Getting xAPI statements from Unity game

How to Send xAPI Statements from Unity

One of the most frequent questions I get about is xAPI is “How can I send statements from Unity?” So I thought I should try it.  First, a couple of disclaimers:

  1. This is a technical article about programming in Unity and C#.
  2. I knew nothing about Unity when I started this project.  I am sure expert Unity programmers will see lots of flaws in my Unity code.

OK, you’ve been warned.  Here we go.

Step 1 – Create a Unity Game

This was actually pretty easy.  I just followed the steps for the Unity Roll-A-Ball tutorial.  I did add a few things, like a timer, some spiffy music and two levels.  But basically it is a knock-off of the Unity tutorial.

Unity and xAPI Game

Step 2 – Add the xAPI

First, I had a decision to make.  What xAPI library am I going to use to send statements?  I started this project assuming I would use the GBLxAPI library. After all, it was designed to work from Unity.  As I started exploring this library I found it to be a bit cumbersome.  Now, if I were new to sending xAPI from C# I would probably have used the GBLxAPI library.  But I am not.  I’ve been sending statements using the TinCan library for .Net for several years. Could I make this work with Unity?

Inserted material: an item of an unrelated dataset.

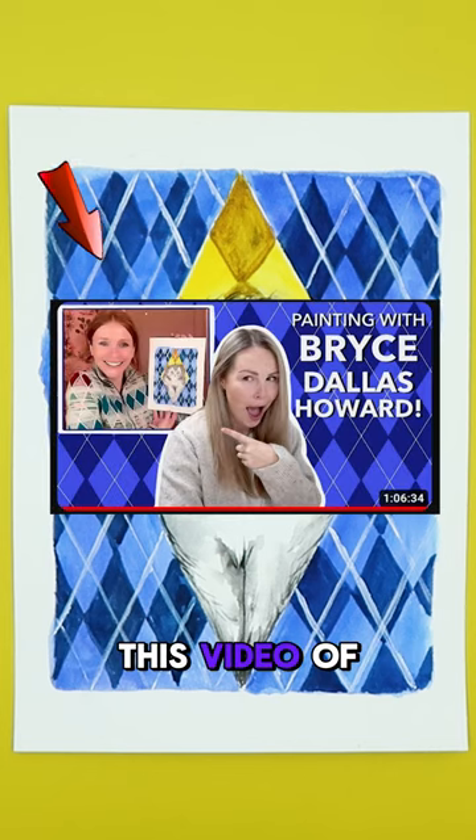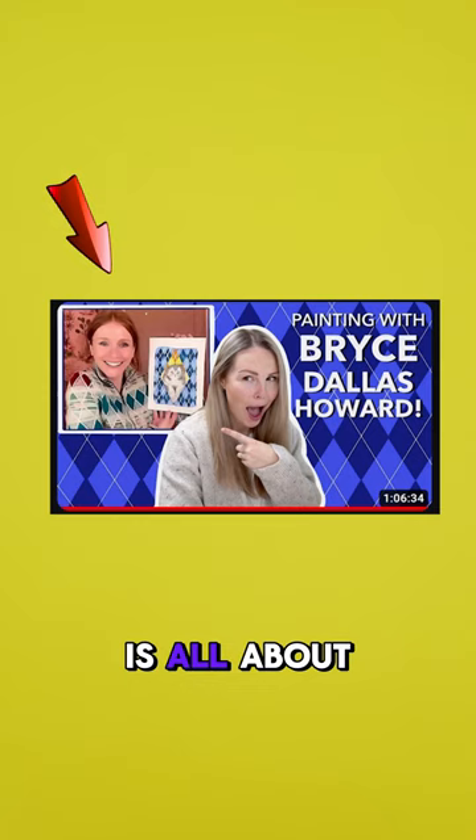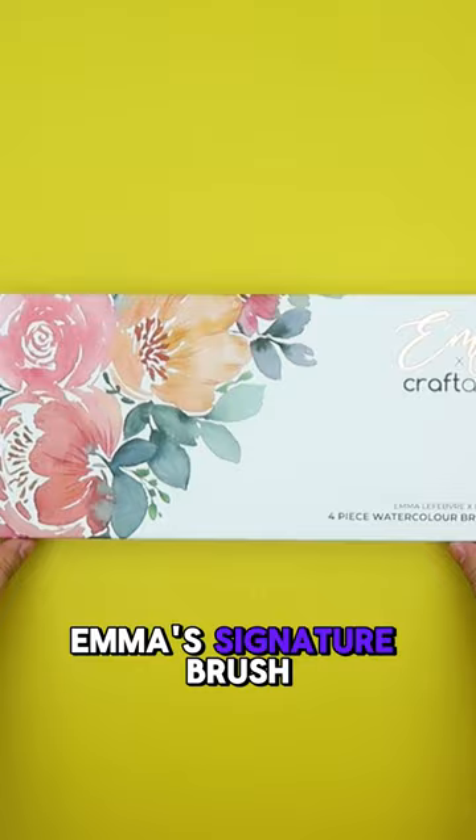Have you watched this video of Emma's painting collab with Bryce? Today's video is all about recreating Chip the Cat from the movie Argyle. We'll be using Emma's signature brush set, which includes one mop and three round brushes in different sizes.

Step 3 – Add the Tincan Library to your Unity Project

My first challenge was to get the Tincan.dll file into my Unity project.  I’ve been a C# programmer for a long time, so I thought this would be easy.  Just right-click on the References item in the .Net project created by Unity and choose “add reference”.  Nope.  The option to add a reference is not there.  So I searched the internet and found that in order to reference an external library, I would need to create folder called “Plugins” and drop my library in there.  Did that, the library showed up in Unity and in my .Net project references.

In addition, I knew that the Tincan library uses some .Net libraries that were not included in the References of the Unity project.  So back to the Interwebs to find out I need to create a file named csc.rsp in the Assets folder of the Unity project.  This has two lines; each line tells Unity to include a particular .Net library.

-r:System.Web.dll
-r:System.Net.Http.dll

Step 4 – Create functions to send statements

I wanted to send 3 xAPI statements from my Unity game.  One for each level and a final statement that showed the total time required for the player to complete both levels.  Let’s look at some code.  This first function sets common properties for all three statements.  The actor and authority are going to be the same for all statements, and I pass in verb properties.  In the following code you’ll see some references to a “NameTransfer” object.  This object holds static properties that store things like the Player’s name and other things that I don’t want disappearing between levels.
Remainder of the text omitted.